__Record excerpts__
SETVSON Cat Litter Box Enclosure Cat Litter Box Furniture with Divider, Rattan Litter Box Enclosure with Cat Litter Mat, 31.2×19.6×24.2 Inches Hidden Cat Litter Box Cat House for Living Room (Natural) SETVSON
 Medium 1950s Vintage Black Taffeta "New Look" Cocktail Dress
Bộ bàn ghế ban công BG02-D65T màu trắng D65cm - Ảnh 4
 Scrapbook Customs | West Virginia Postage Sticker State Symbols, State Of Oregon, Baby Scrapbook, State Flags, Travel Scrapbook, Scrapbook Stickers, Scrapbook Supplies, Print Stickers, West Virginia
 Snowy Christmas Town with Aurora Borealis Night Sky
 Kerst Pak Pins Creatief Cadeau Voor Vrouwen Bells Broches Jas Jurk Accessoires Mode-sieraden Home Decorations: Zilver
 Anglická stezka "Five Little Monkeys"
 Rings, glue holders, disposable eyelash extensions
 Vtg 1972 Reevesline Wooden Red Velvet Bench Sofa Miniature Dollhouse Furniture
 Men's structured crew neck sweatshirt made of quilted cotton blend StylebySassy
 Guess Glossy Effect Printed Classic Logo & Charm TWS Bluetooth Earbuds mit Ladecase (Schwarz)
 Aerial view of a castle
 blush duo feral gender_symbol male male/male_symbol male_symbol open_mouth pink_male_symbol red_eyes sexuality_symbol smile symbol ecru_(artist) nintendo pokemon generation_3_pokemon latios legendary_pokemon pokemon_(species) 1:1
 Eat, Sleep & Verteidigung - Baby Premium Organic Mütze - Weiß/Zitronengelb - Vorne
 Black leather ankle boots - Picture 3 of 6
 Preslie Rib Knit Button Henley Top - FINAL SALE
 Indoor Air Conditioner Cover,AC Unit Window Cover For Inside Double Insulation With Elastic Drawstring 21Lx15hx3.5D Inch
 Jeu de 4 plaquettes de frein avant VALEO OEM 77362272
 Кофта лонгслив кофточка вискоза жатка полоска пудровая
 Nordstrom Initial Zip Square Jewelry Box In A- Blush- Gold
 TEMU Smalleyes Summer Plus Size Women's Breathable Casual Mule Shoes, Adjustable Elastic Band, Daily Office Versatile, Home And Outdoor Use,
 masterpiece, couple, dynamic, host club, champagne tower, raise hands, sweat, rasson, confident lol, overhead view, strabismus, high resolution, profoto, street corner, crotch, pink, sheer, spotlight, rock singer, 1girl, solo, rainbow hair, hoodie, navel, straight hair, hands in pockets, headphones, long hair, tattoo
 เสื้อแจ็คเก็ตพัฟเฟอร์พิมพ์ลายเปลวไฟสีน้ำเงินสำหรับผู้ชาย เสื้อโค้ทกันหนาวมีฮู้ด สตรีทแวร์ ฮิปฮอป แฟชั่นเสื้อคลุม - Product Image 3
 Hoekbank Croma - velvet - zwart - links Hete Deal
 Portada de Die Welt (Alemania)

__Task__
Look above for the line containing "Snowy Christmas Town" and the line containing "Men's structured crew". Transcribe both, with the lines between them, exactly.

__Answer to the exercise__
 Snowy Christmas Town with Aurora Borealis Night Sky
 Kerst Pak Pins Creatief Cadeau Voor Vrouwen Bells Broches Jas Jurk Accessoires Mode-sieraden Home Decorations: Zilver
 Anglická stezka "Five Little Monkeys"
 Rings, glue holders, disposable eyelash extensions
 Vtg 1972 Reevesline Wooden Red Velvet Bench Sofa Miniature Dollhouse Furniture
 Men's structured crew neck sweatshirt made of quilted cotton blend StylebySassy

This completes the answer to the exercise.